The coconut palms, tea estates, banana trees and rugged, pothole ridden roads are a welcome site after a long flight followed by a 4 hour train and 3 hour taxi ride.
Last time we were here, Hannah and I were splitting our time between volunteering on an organic tea farm and helping out at TGG Foundation's office. It's such a small, tight knit community which I know we have so much more to learn about.
And now we’re back to work with TGG Foundation on the very first RG Foundation project to build a Rural Development Hub and create more working opportunities for the people in the rural community, particularly women.
Although it's raining hard when we land, neither me nor Hannah can contain our beaming faces when we’re reunited with Laiju (Chairman and founder of TGG).
Laiju recently helped facilitate a piece of research into local community needs and gaps in service in the area where TGG operates, so he knows more than most how much of an impact this project could have.

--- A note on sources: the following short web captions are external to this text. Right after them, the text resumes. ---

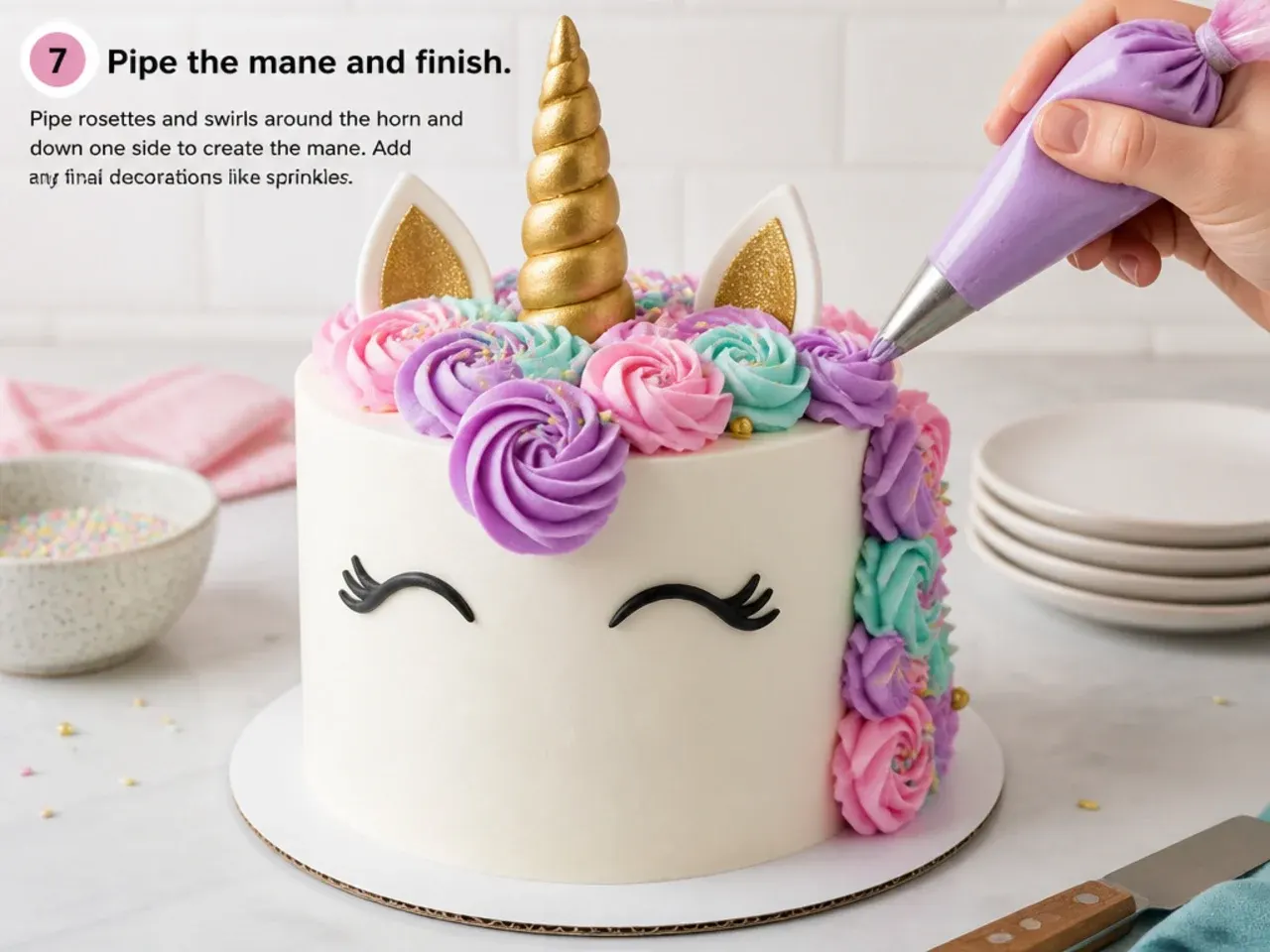 easy unicorn cake — step 7: pipe the mane and finish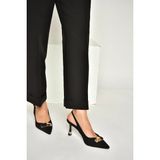 Fox Shoes Y308203804 Siyah Kumaş Ince Topuklu Kadın Ayakkabı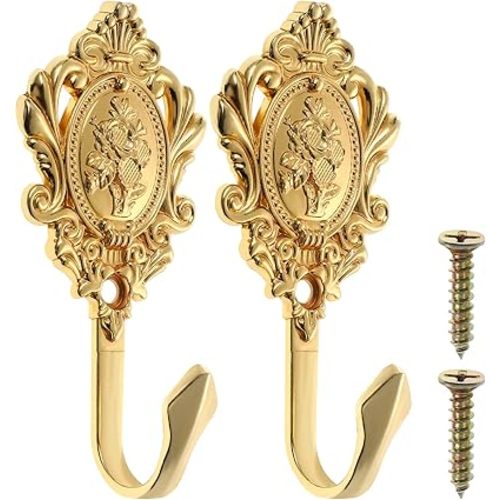 2-Pack Vintage Drapery Curtain Holdbacks Tieback Hooks Rose Pattern (Golden)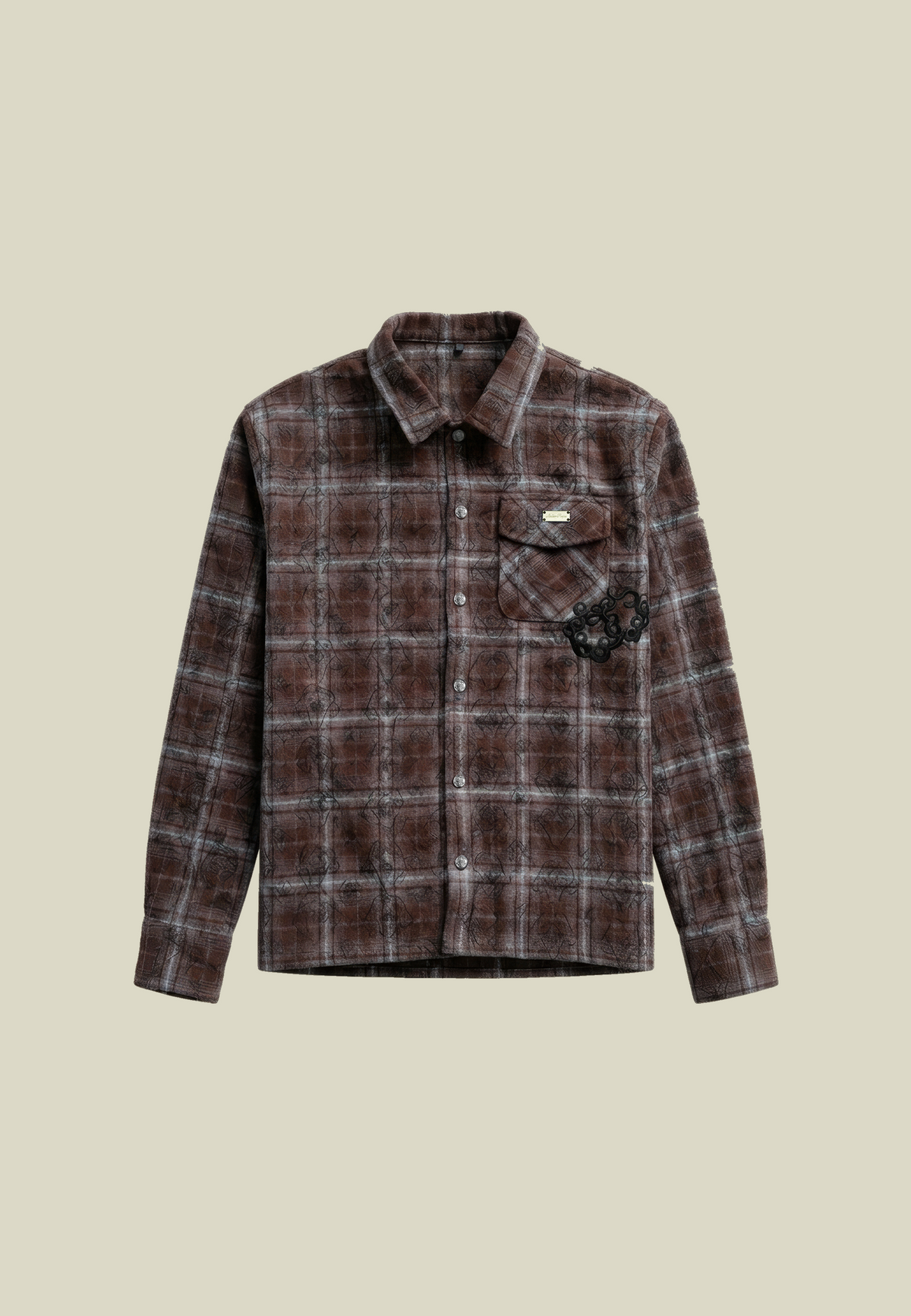 Men's Brown Plaid Shirt, Long Sleeves, Button Front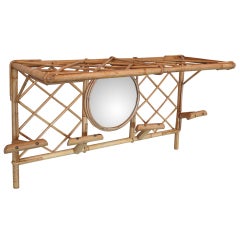 French Bamboo Wall Coat Rack with Mirror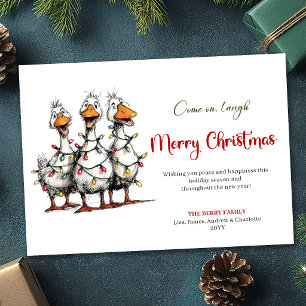 Tarjeta de Feliz Navidad con Gansos Divertidos, Ra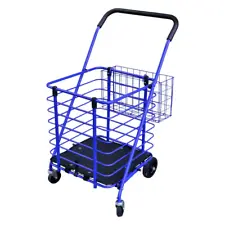 steel shopping cart in blue with accessory basket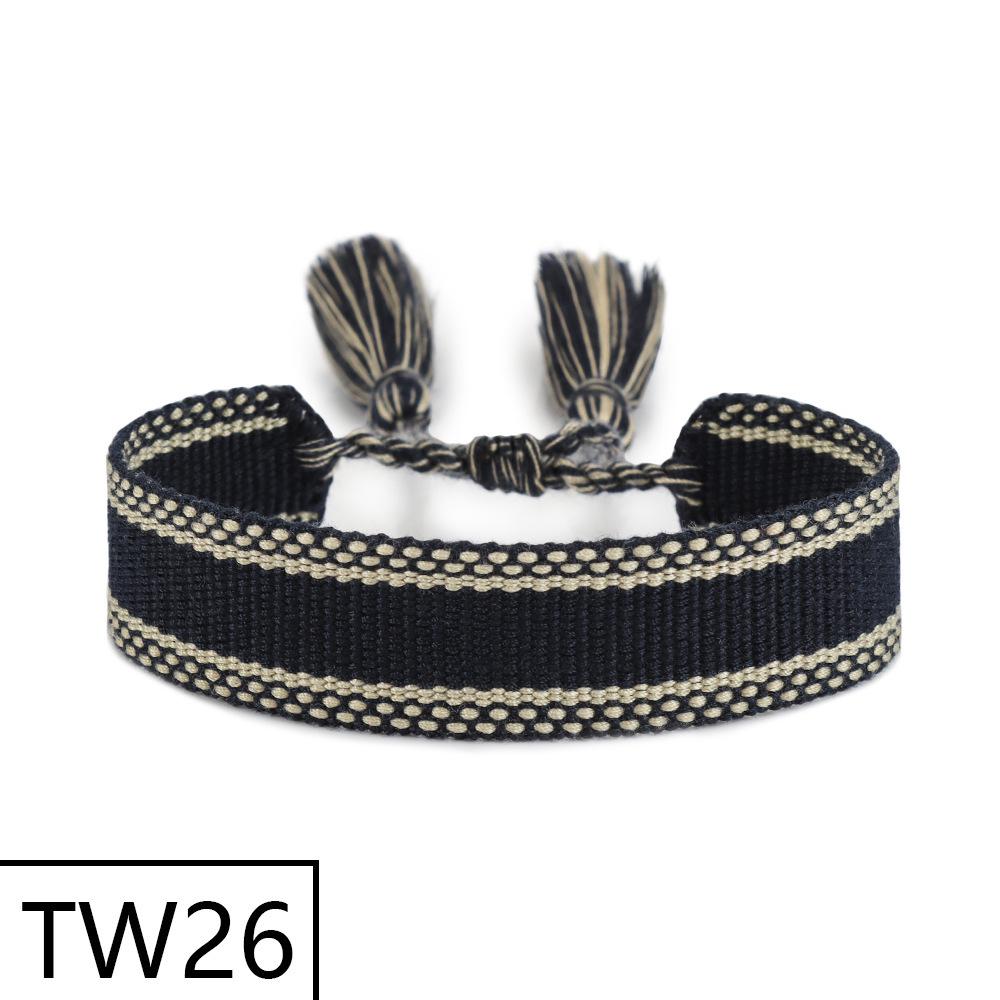 Handmade Bohemian Embroidered Logo Tassel Bracelet - Ethnic Style Friendship Band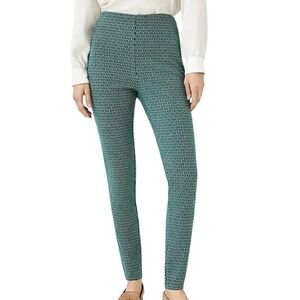 Ann Taylor‎ Green Geometric Chain Link Ankle Pants Womens Medium High Rise NWT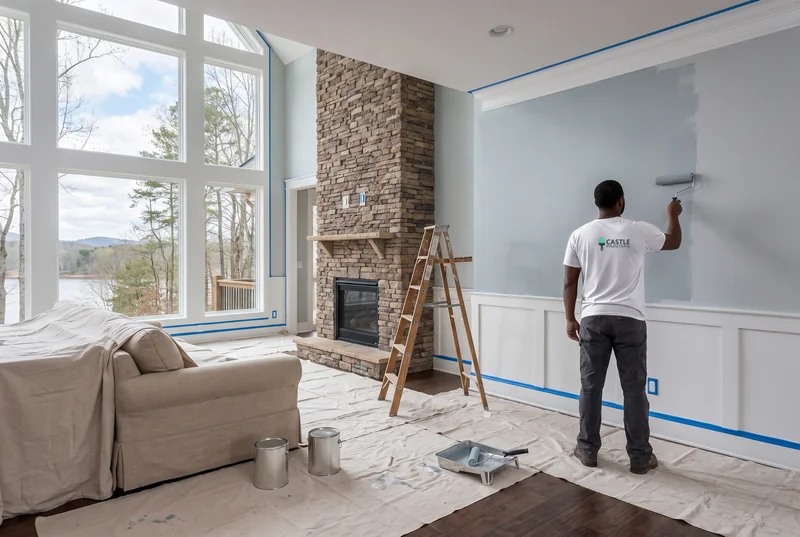 Painter rolling soft gray-blue above white wainscot in a lake-view living room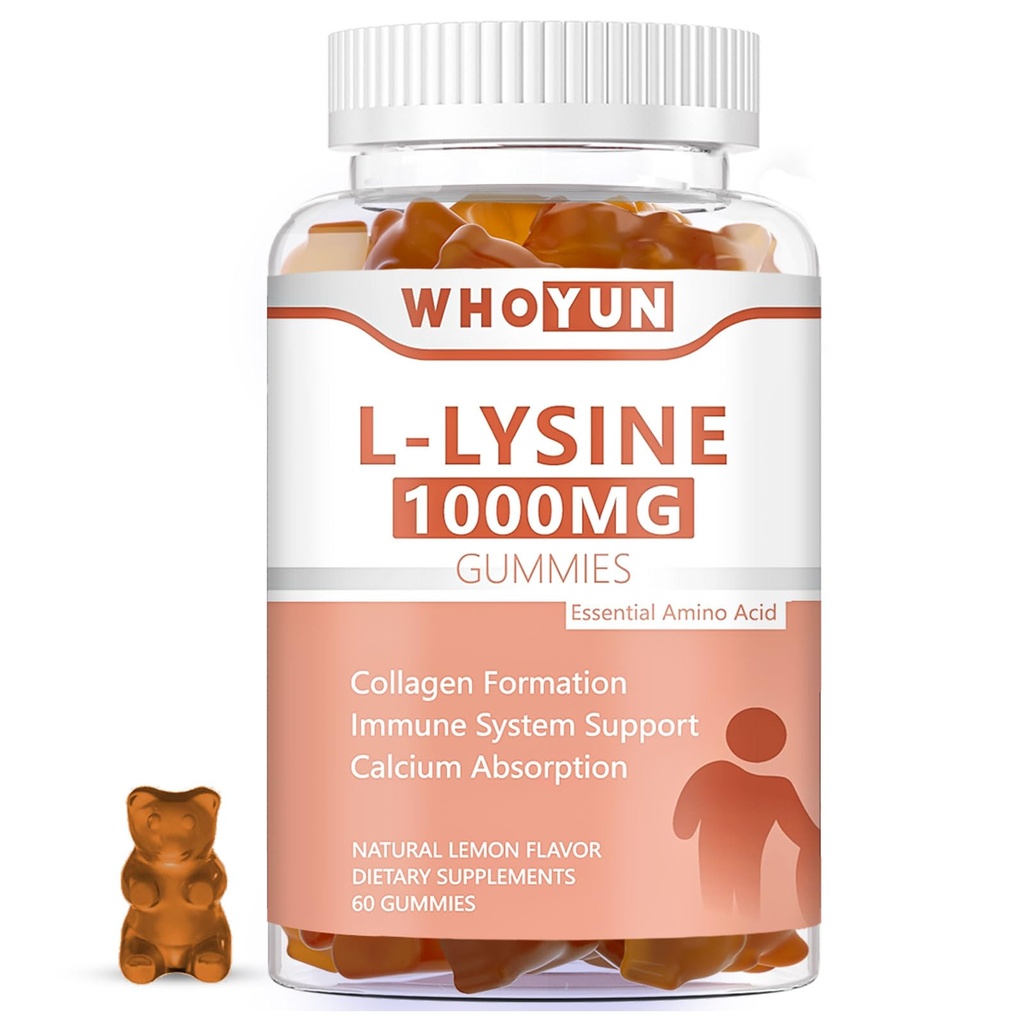 L-Lysine 1000mg Gummies, Chewable Lysin Supplement for voksne, immun støtte, kollagenformasjon støtte, sitron flavor, 60 greve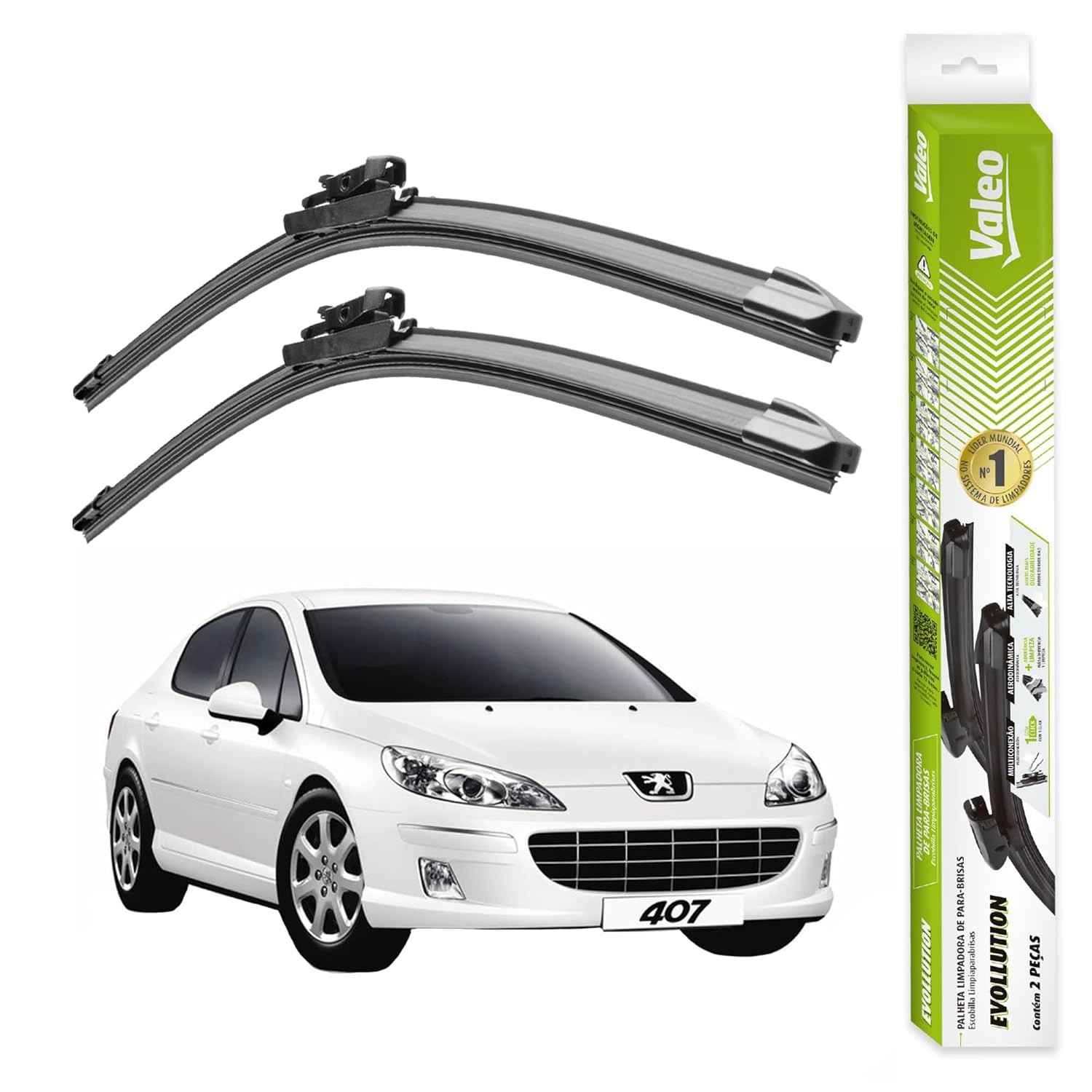 Par de Palhetas Limpador Parabrisa Valeo Evolution Peugeot 407 (2004-2009) - Visão Clara e Segura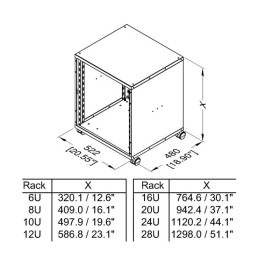 35U Flat Pack Rack with Square Hole Rails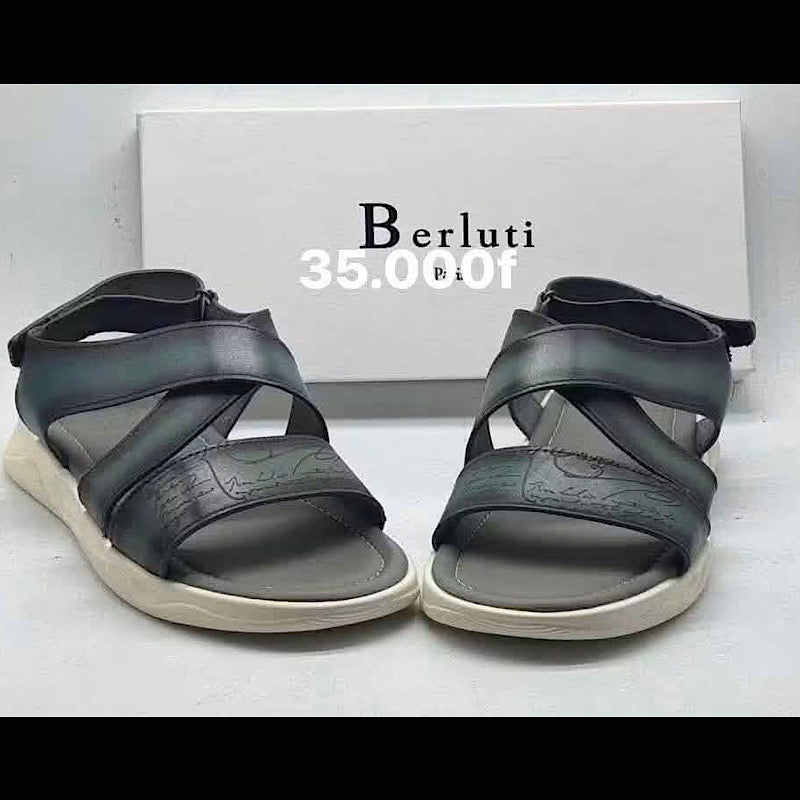 B£RLUTI matière cuir semelle gomme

We’re also reunited with the rest of the TGG team at their temporary office complex. A small team of mainly women who have now formed a Self Help Group and a type of micro credit system to take more control over their lives.
There are some new faces, which is great to see. We sit down for a traditional lunch of Sambar (vegetable curry), chamundi (coconut chutney) and thick Keralan rice. It feels like we never left.
Later Laiju takes us to the house we’ll be living in for the duration of the project (around a year). It's a ground floor flat about a 10 minute walk from TGG passing a small Catholic shrine and a valley overlooking the famously beautiful Nilgiri Hills. The UNESCO approved Edakkal caves looms over us in the distance.
Our new accommodation has everything we’ll need. A bed, gas burner, washroom and TV (with BBC World News and a couple of movie channels). The only thing we don't have is running hot water and Wifi. The latter we’ll hope to remedy soon.
Our neighbours notice our arrival and we introduce ourselves. Most of them speak only Malayalam so we wave our hands around and smile a lot. I'm not sure if we’re able to get across the purpose for our visit, but everyone is really friendly.
Above us lives a young family. Their eldest daughter, 10-year-old Marabeeka, brings us some freshly made Idlis (a Keralan breakfast dish – a bit like dumplings but in the shape of flying saucers) and more sambar – delicious! A man walks past our house pulling a huge cow on a rope. He grins and smiles at us with red betel-stained teeth.
Over the next months, Hannah and I want to work hard to become part of the community. The language barrier is our most obvious challenge. European visitors are extremely rare in this part of Kerala and for many of the people living near us, we’re the first that they’ll have met.
Once we’re settled, the work begins; Laiju, Hannah and I will start bringing together our ideas for how we can get this project done. There's a long way to go, but we’re all determined.